Provided entries –
◇ ◇ ◇
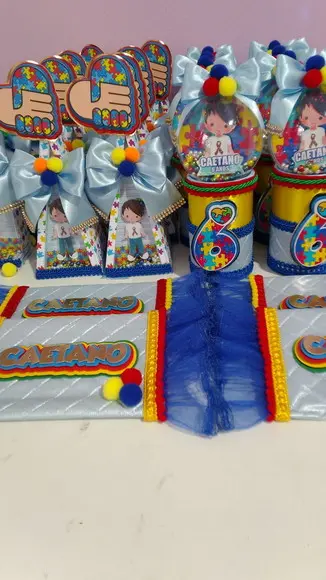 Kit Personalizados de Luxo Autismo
◇ ◇ ◇
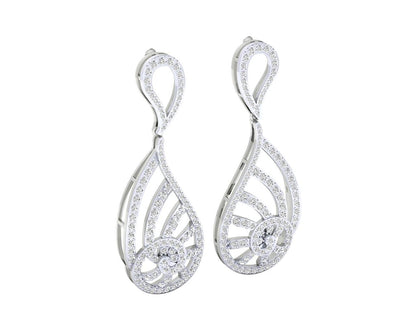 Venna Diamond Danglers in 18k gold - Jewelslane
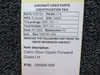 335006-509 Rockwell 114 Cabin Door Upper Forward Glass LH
◇ ◇ ◇
Instructions for the task –
Your answer should consist of the lines above between those holding "Venna Diamond Danglers" and "335006-509 Rockwell 114", inclusive, reproduced word for word and without pictures.

Response to the exercise –
 Venna Diamond Danglers in 18k gold - Jewelslane
 335006-509 Rockwell 114 Cabin Door Upper Forward Glass LH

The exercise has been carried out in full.